NDSU running backs John Crockett and Sam Ojuri both eclipsed the 1,000-yard rushing mark on the season. Crockett finished the game with 82 yards on 11 carries and averaged 16 yards per carry in the first half, while Ojuri rushed for a game-high 92 yards and two touchdowns. Crockett finished the season with 1,038 rushing yards and Ojuri finished with 1,047 on the ground.

Quarterback Brock Jensen only threw for 115 yards, but carried the ball eight times for 44 yards and three touchdowns. In 15 games this season, he scored 12 rushing touchdowns. The junior is now 32-5 as a starter in his career.

Sam Houston State junior quarterback Brian Bell passed for 255 yards and one touchdown, including 160 yards in the first half, but threw three interceptions, the first two resulting in 14 NDSU points.

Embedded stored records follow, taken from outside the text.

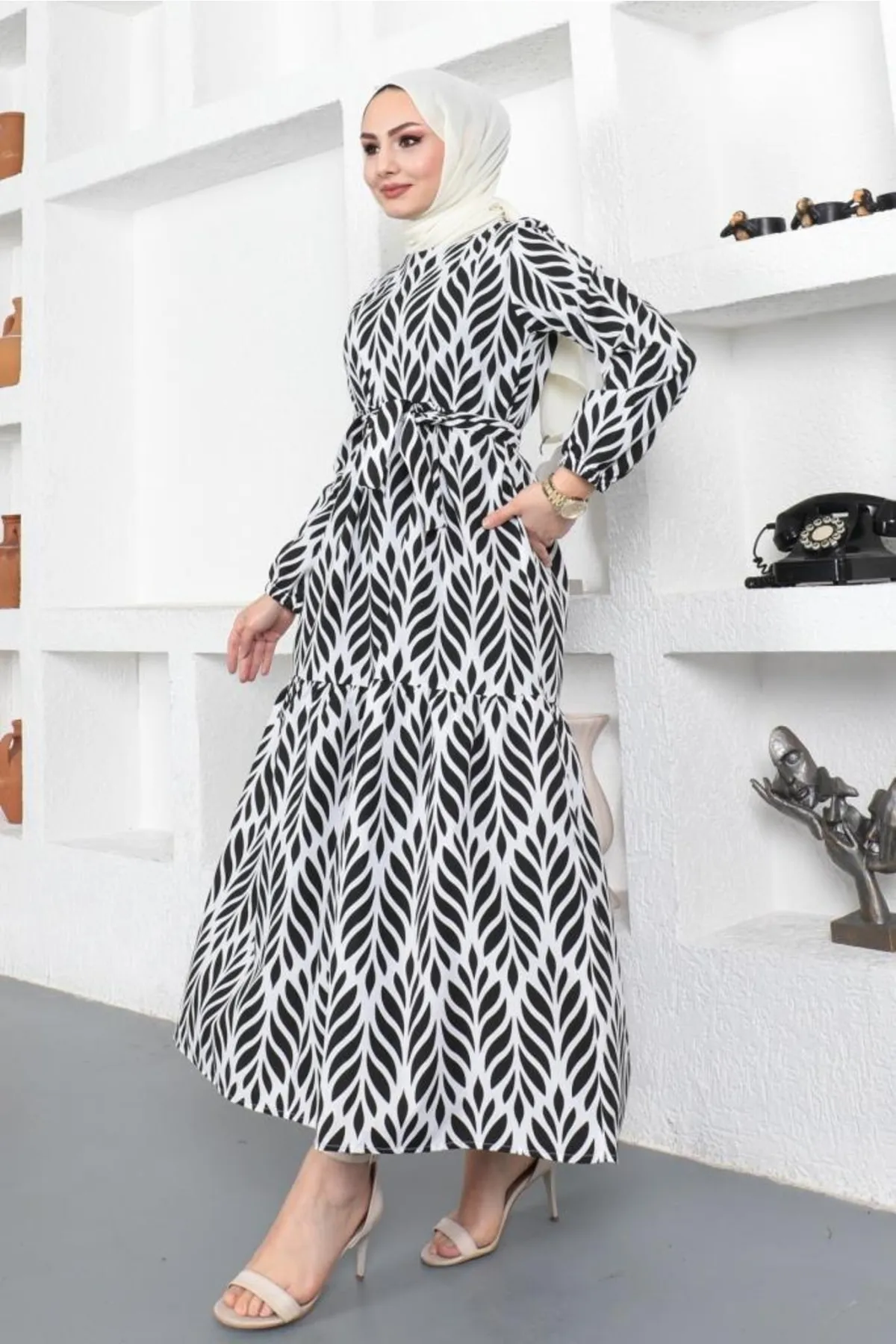 benguen  440 Gemustertes Hijab-Kleid Schwarz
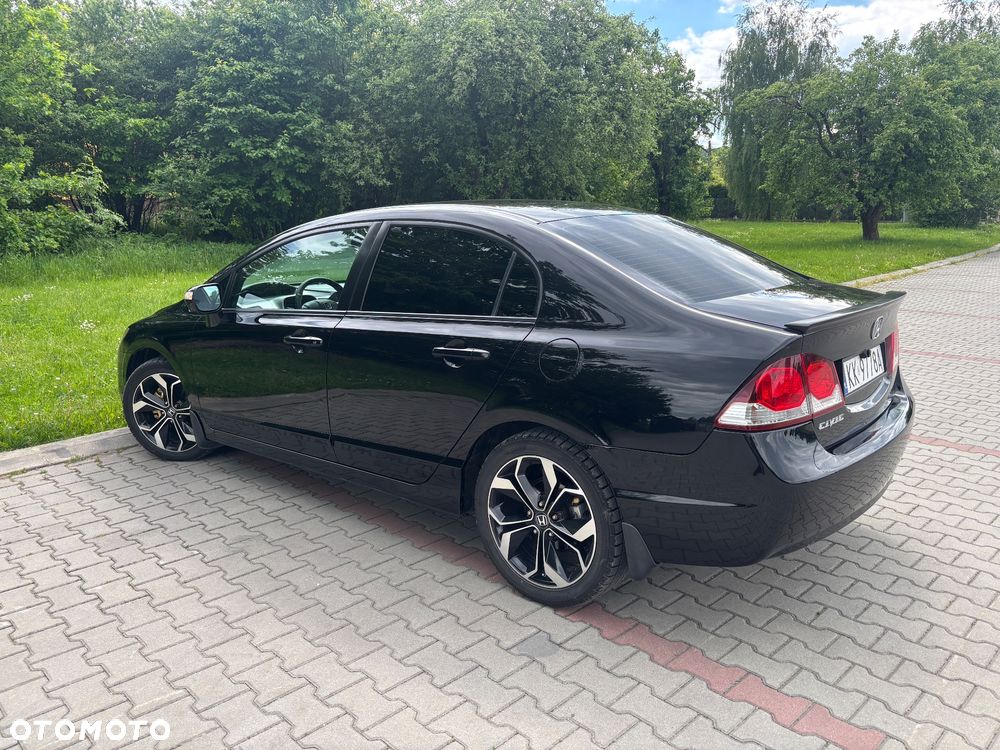Honda Civic 1.8 Executive - 5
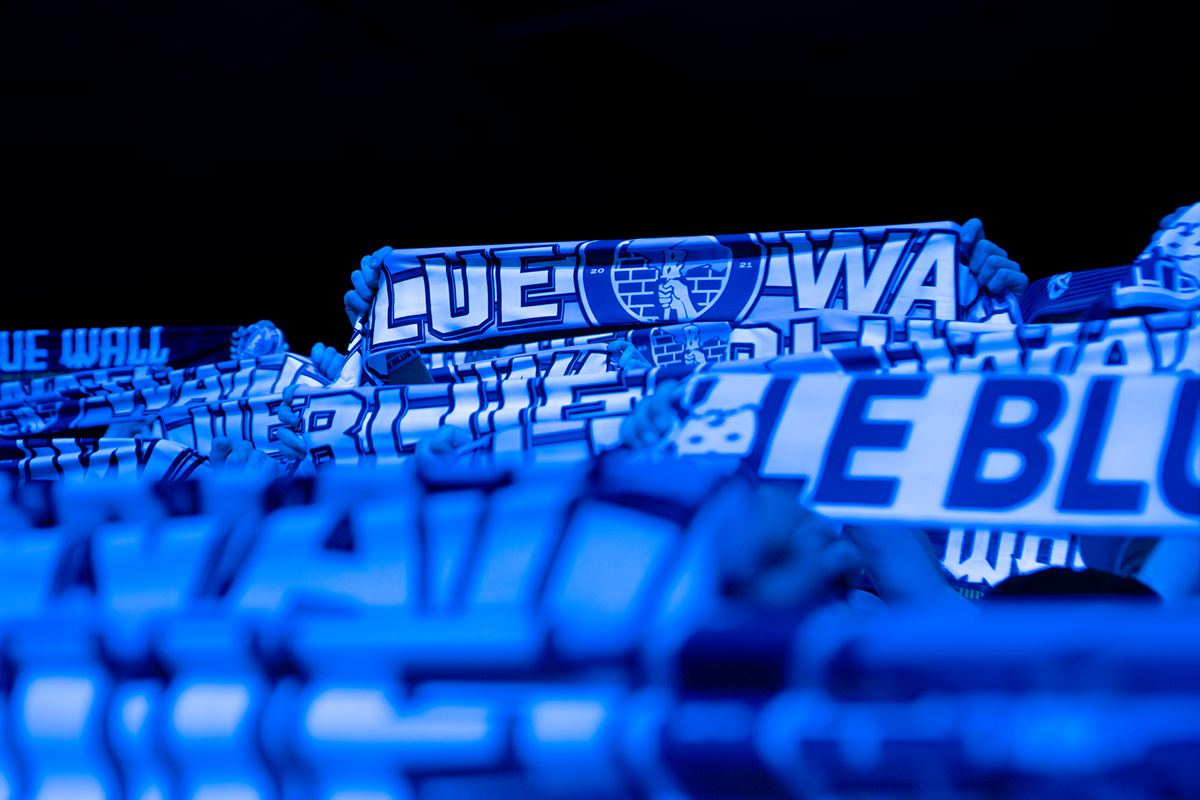 Muur van blauwe sjaals van Le Blue Wall tijdens een esportevenement
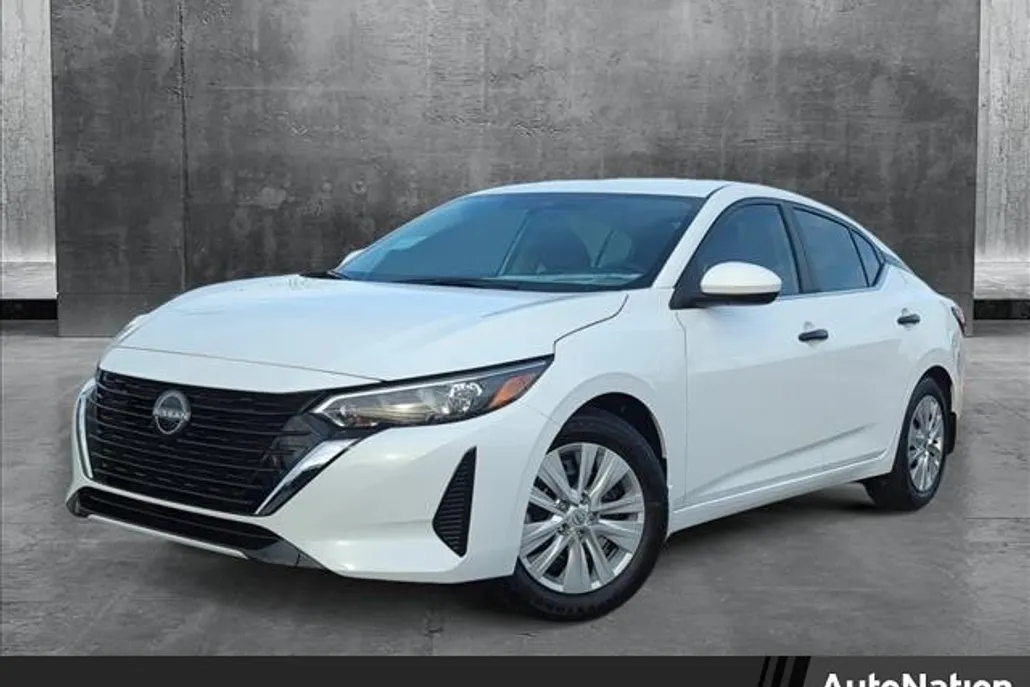 2025 Nissan Sentra S photo 1
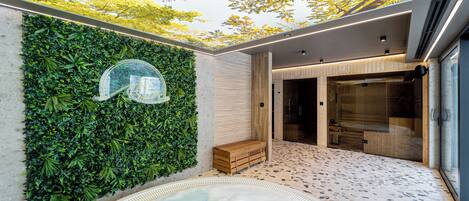 Indoor spa tub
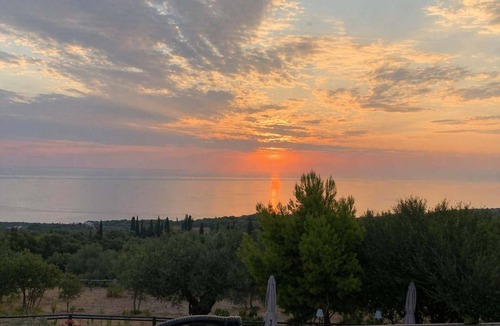 Skinaria Apartment | Villa Poseidon - Master Suite In Zante w/Pool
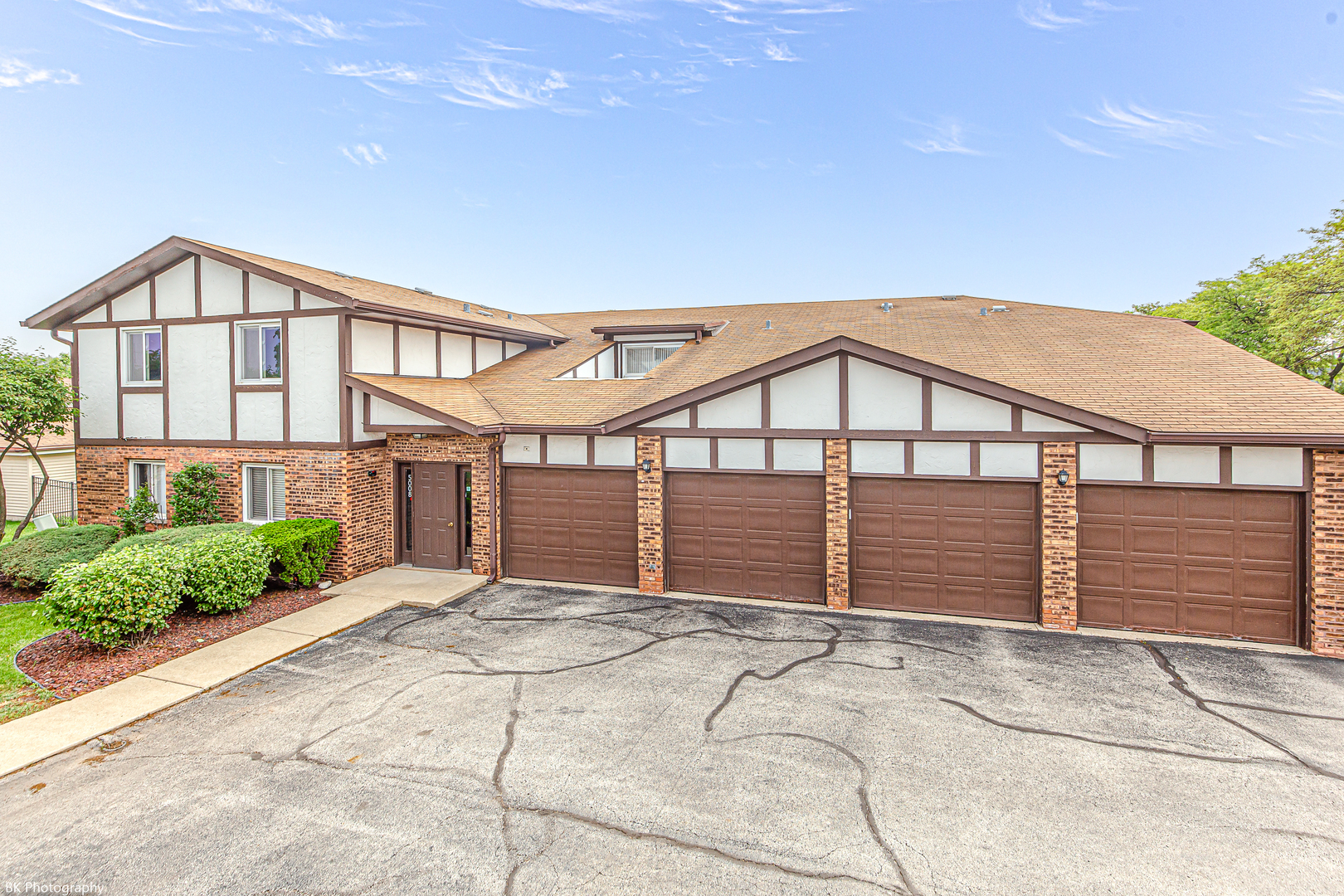 Property Photo: 5008 W 122nd Street 2B IL 60803
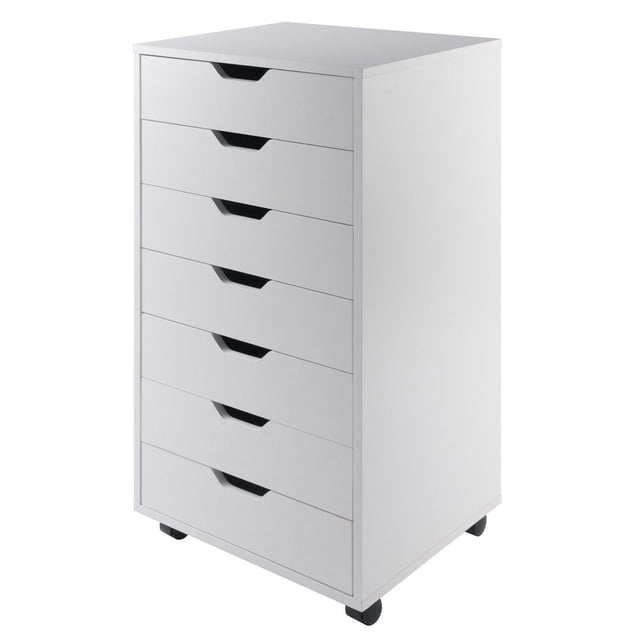 Armoire Halifax à 7 Tiroirs Blanche avec un design vertical Comprenant Sept Tiroirs avec Poignées Découpées, Fini en Blanc. Fabriquée en Hêtre Massif et composite, Elle a Quatre Roulettes, Deux Verrouillables, pour la Mobilité et la Stabilité. Idéale pour Organiser des Articles d'Artisanat, de Bureau Ou de Garde-Robe.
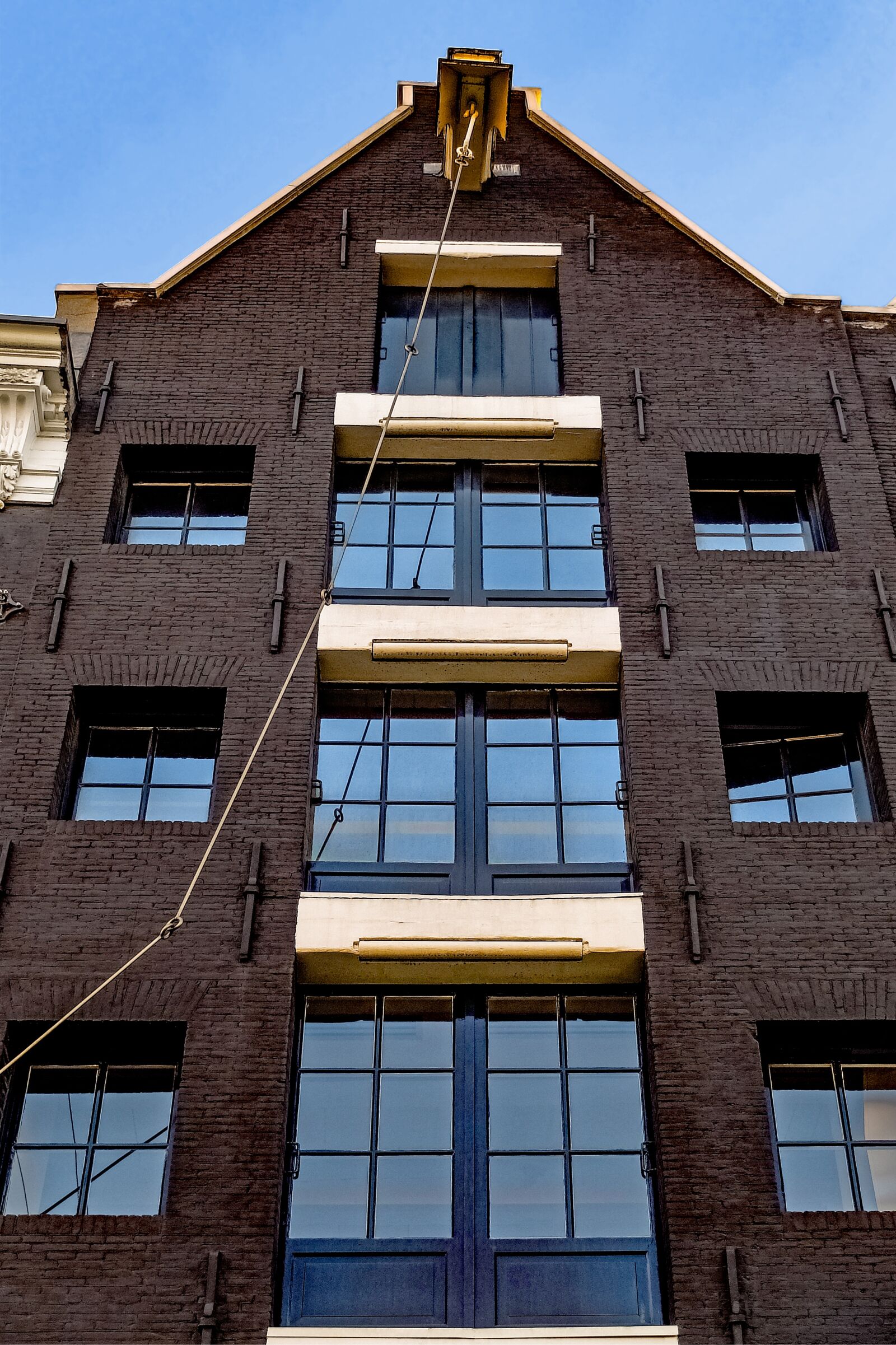 Fujifilm X30 sample photo. Building, facade, brick photography
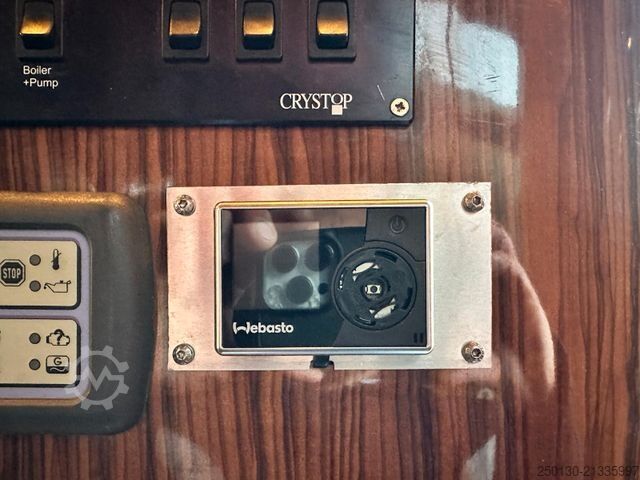 Viehtransporter LKW SCANIA R380 6x2 LL 7 Pferde + Bad/ TV/ WC/ Küche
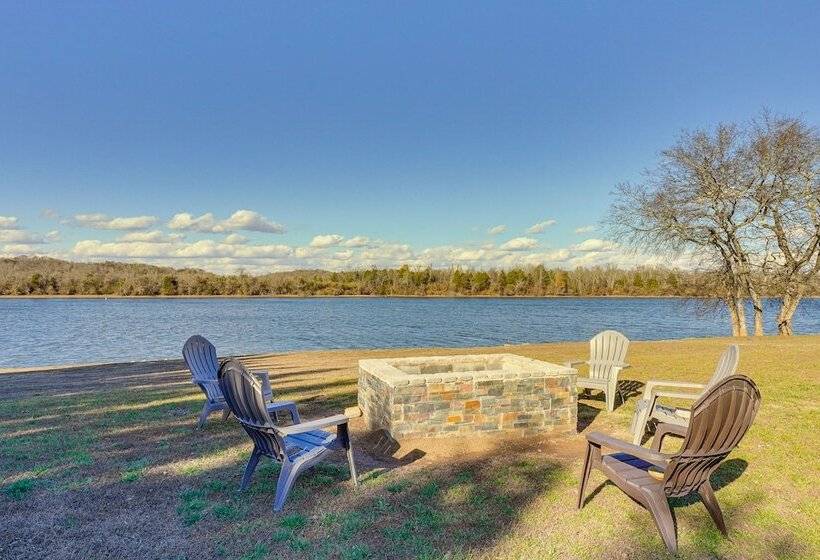Decatur Oasis   Private Pool, Hot Tub & Deck!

The junior signal-caller threw two interceptions in last year's national title game. He entered the game having thrown seven interceptions this season, including only one in the team's last seven games.

NDSU came into the game as the FCS' No. 1-ranked passing defense, allowing just 131 passing yards per game.

All-America cornerback Marcus Williams intercepted two Bell passes to become NDSU's all-time career leader in interceptions. In the second quarter, Williams intercepted Bell for his sixth pick of the season and 17th in his career. In the fourth quarter, he capped off his junior season with his seventh interception of the season and 18th in his career. He entered the game tied with Steve Krumrei's school record of 16 set in 1969.

Sam Houston State's defense came into the game allowing just 84 rushing yards per contest and had allowed a total of just two rushing touchdowns versus FCS competition this season. The unit allowed a total of seven rushing touchdowns in 14 games this season before allowing five rushing touchdowns versus the Bison on Saturday.

NDSU came into the national championship game leading the FCS in time of possession with a 34:39 mark. Through two quarters of play, however, the Bison held onto the ball for just 12:38, but finished the contest holding onto the ball for a 30:13.

The Missouri Valley Conference now has an all-time record of 4-0 in FCS championship appearances versus Southland Conference foes. Youngstown State defeated McNeese State in 1997, Western Kentucky defeated McNeese State in 2002 and North Dakota State has now defeated Sam Houston State in back-to-back seasons (2011-12).